Este diálogo decorria com natural boa disposição e fora arquitectado para brincar com a filha pelo fugaz namorico que tivera com o Azureira, inofensiva sentença que ela sempre reprimia, mas sempre a obrigava a corar.
Após a irrefragável convocação, imediatamente aceite pela Mariazinha, duas badaladas se fizeram ouvir da sineta que o próprio Quintela accionou, qual toque de clarim a convocar os soldados aos seus postos, e eis que perfila perante a pequena assembleia o circunspecto mordomo, uniformizado a preceito.
- Faz o favor de me acompanhar – ordenou o desembargador – e depois manda preparar uns aperitivos para serem servidos no “Retiro”. Nos últimos anos o velho Quintela poucas vezes se encontrou com o Azureira. Sabia da sua contínua ascensão profissional através do marido da Beatriz, porque o genro, a ocupar o cargo de director-geral num Ministério em Lisboa, todas as semanas vinha a Labrões e sempre se encontrava com o Teófilo em Nogueira, normalmente aos domingos, no café.

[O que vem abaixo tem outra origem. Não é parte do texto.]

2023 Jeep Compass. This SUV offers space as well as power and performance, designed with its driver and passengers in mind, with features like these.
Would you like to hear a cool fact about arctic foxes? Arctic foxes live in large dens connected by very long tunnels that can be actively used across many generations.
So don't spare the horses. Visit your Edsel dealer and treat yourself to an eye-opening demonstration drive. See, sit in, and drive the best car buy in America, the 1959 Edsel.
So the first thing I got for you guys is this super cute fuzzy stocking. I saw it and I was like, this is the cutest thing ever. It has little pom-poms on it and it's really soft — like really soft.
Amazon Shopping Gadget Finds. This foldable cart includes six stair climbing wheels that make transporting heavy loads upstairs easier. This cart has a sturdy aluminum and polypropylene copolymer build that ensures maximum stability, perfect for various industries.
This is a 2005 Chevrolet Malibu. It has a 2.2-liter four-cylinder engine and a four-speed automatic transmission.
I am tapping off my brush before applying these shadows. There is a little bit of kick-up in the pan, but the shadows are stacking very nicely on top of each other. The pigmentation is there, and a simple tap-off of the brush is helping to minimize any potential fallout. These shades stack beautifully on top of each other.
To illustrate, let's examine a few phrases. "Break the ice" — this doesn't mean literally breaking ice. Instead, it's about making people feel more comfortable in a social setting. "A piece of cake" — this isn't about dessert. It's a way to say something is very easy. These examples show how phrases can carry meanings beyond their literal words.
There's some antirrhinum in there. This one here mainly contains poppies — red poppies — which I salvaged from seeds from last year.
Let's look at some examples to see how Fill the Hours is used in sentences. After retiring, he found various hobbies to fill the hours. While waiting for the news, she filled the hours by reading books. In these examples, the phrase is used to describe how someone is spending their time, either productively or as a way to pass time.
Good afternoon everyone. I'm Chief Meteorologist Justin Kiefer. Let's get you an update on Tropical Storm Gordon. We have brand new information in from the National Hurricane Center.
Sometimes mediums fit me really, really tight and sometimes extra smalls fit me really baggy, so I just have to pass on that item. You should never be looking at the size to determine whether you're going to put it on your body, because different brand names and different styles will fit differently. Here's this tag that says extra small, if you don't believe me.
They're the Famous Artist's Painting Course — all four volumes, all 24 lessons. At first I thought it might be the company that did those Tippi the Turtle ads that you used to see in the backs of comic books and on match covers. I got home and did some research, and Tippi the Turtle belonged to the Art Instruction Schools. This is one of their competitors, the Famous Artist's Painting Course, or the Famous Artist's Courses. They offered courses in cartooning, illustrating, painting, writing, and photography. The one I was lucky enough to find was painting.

Quando acontecia uma visita como esta havia sempre inúmeros assuntos a relembrar e outras novidades a conhecer, porque, apesar da grande diferença de idades, possuíam características muito semelhantes: bons cavaqueadores, democratas confessos e eruditos causídicos.
- Pergunto a mim próprio – interpelou o desembargador ao chegar junto do Azureira – que bons ventos teriam feito deslocar o nobre colega a esta sua humilde casa.
- É um assunto, ilustre desembargador – retorquiu o Azureira, ao mesmo tempo que se cumprimentavam – mais embaraçoso que a mais difícil querela forense, mas acima de tudo saber da sua inestimável saúde.
- O colega é muito fidalgo – rematou o interlocutor. - A saúde, salvo este maldito lumbago que de quando em vez me atormenta, vai bem. Esse é o troféu das boas décadas que transporto. Vamos até lá abaixo tomar um aperitivo. Quero que prove o esplêndido branco da última colheita, enquanto conversamos. Para uma frutuosa conversa, um bom estimulante... – e continuou: Quando soube da sua presença, tomei a liberdade de telefonar à Mariazinha, convidando-a, acompanhada do vosso rebento, evidentemente, a dar-nos o prazer de vir jantar connosco hoje. Fi-lo porque há muito tempo que andámos arredios e também por saber que não discordará desta minha falta de etiqueta quanto à formalidade de prazos, mas já assim procedia com o meu querido Maximino e assim continuarei a agir com o filho. Uma amizade sólida, fraterna e desinteressada tudo isso admite. Concorda o meu ilustre amigo com este velho rabugento?
- Por quem é, senhor desembargador! As suas vontades são ordens para nós. Compete-nos, isso sim, agradecer tamanha honra e tudo fazermos para manter e consolidar este longínquo afecto que creio remontar aos nossos dignos ancestrais de há três ou quatro gerações.
- Vamos então descendo – atalhou o desembargador – até ao “Retiro dos Amigos”.